## WORK INSTRUCTIONS:
Your task is to retype, exactly, the line containing "Miss Baby Girl, a" and every later line through the end of the listing, with pictures omitted.
----------
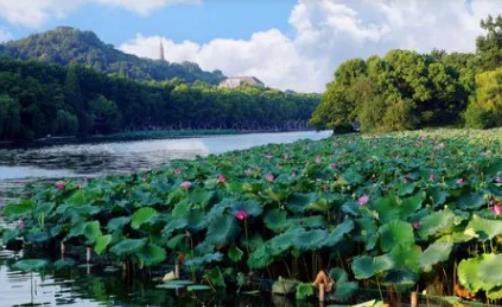 2024年立夏后就熱了嗎?今年夏天我國(guó)的氣溫和往年比是偏高還是偏低 2024年立夏后就熱了嗎?今年夏天我國(guó)的氣溫和往年比是偏高還是偏低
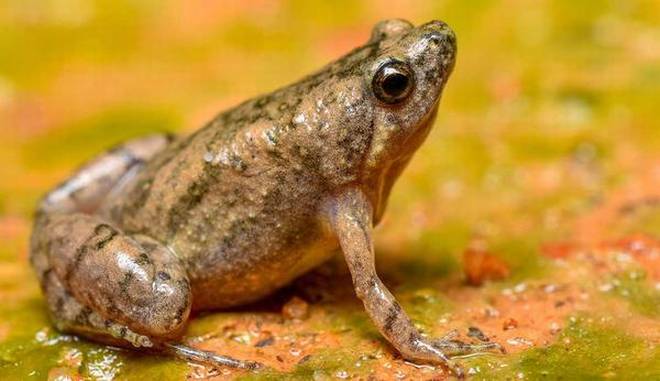 New species: Mangaluru narrow-mouthed frog is found only in a small industrial area in Mangaluru. 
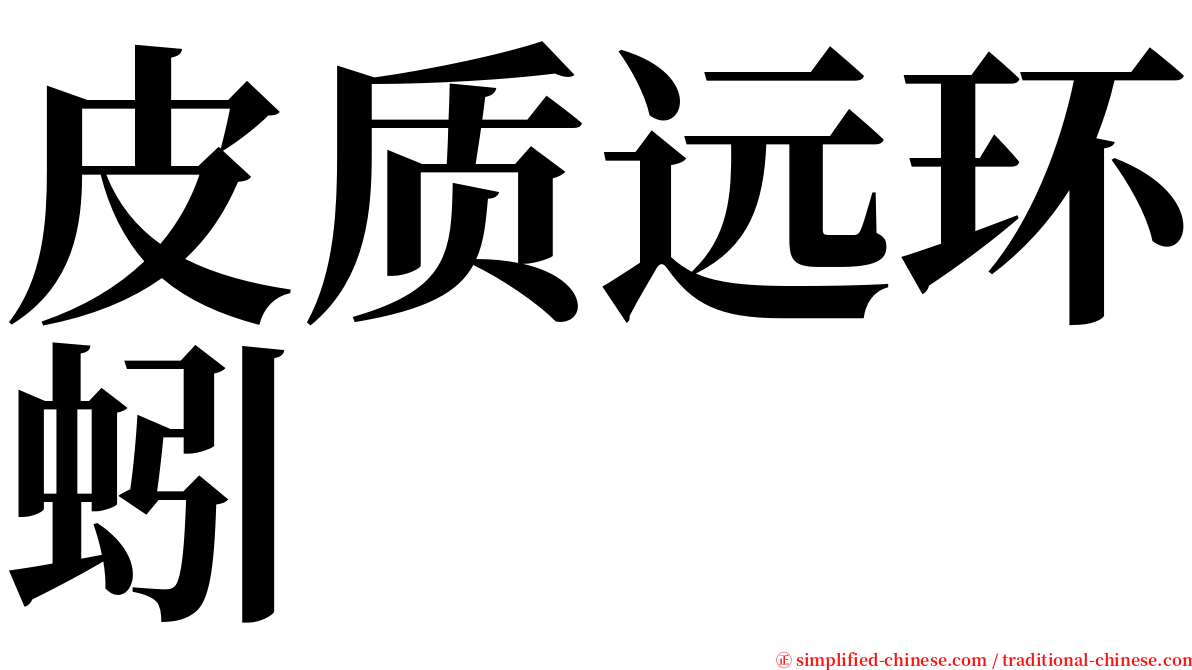 皮质远环蚓 serif font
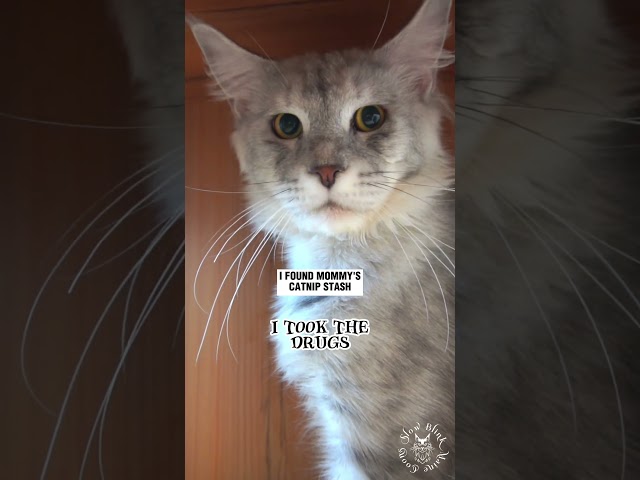 😅 Wizard Got Into The Catnip... Again! | Maine Coon Cat #cute #funny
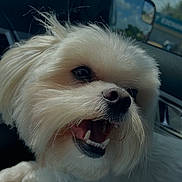 Cooper joined the competition — help win amazing prizes! dog, white_dog, close_up, pet, animal, teeth, mouth_open, fluffy, car_interior, side_mirror, window, sunlight, happy, cute, canine, fur, nose, whiskers, outdoor_view, daytime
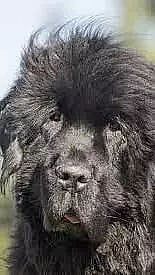 15 Big Dog Breeds That Are Basically Giant Teddy Bears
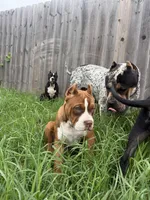 Miss Baby Girl, a female American Bully for sale in Holland, MI – 1 of 1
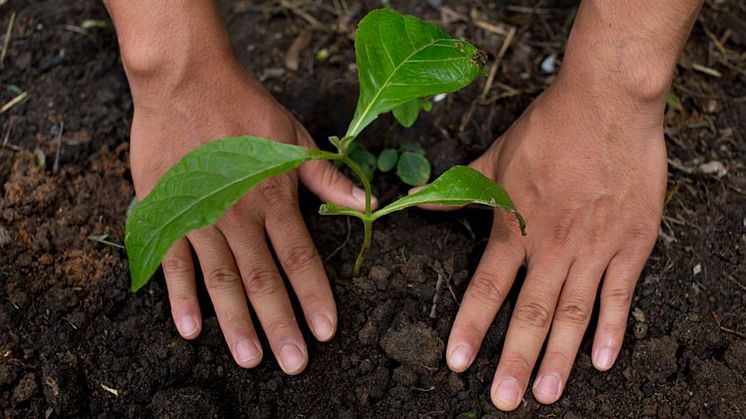 Sunnere jord: Gjennom regenerative landbrukspraksiser vil Nestlé beskytte og gjenopprette miljøet.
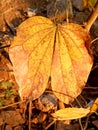 Dry leaf texture -1 Royalty Free Stock Photo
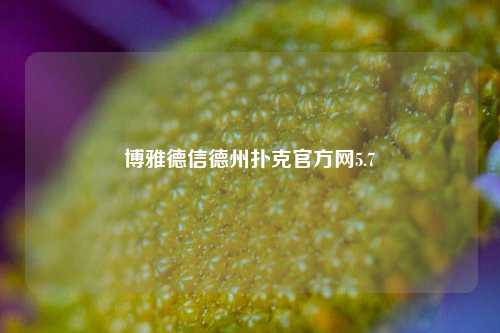博雅德信德州扑克官方网5.7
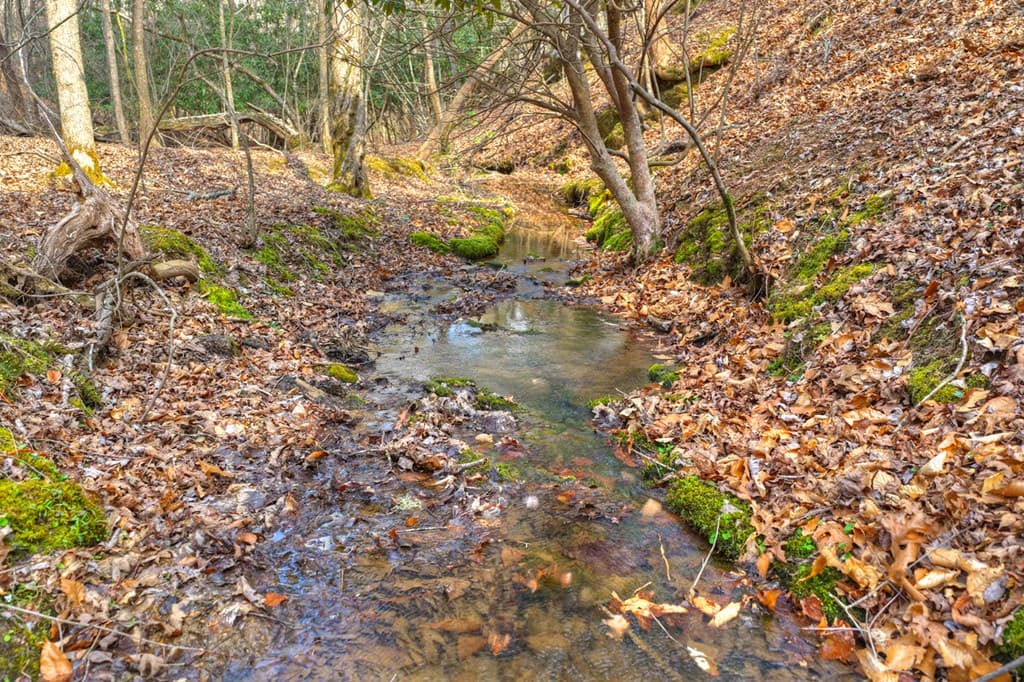 LT 13 Rocky Ridge, Mineral Bluff GA 30559 - Photo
----------
## EXPECTED ANSWER:
 Miss Baby Girl, a female American Bully for sale in Holland, MI – 1 of 1
 Sunnere jord: Gjennom regenerative landbrukspraksiser vil Nestlé beskytte og gjenopprette miljøet.
 Dry leaf texture -1 Royalty Free Stock Photo
博雅德信德州扑克官方网5.7
 LT 13 Rocky Ridge, Mineral Bluff GA 30559 - Photo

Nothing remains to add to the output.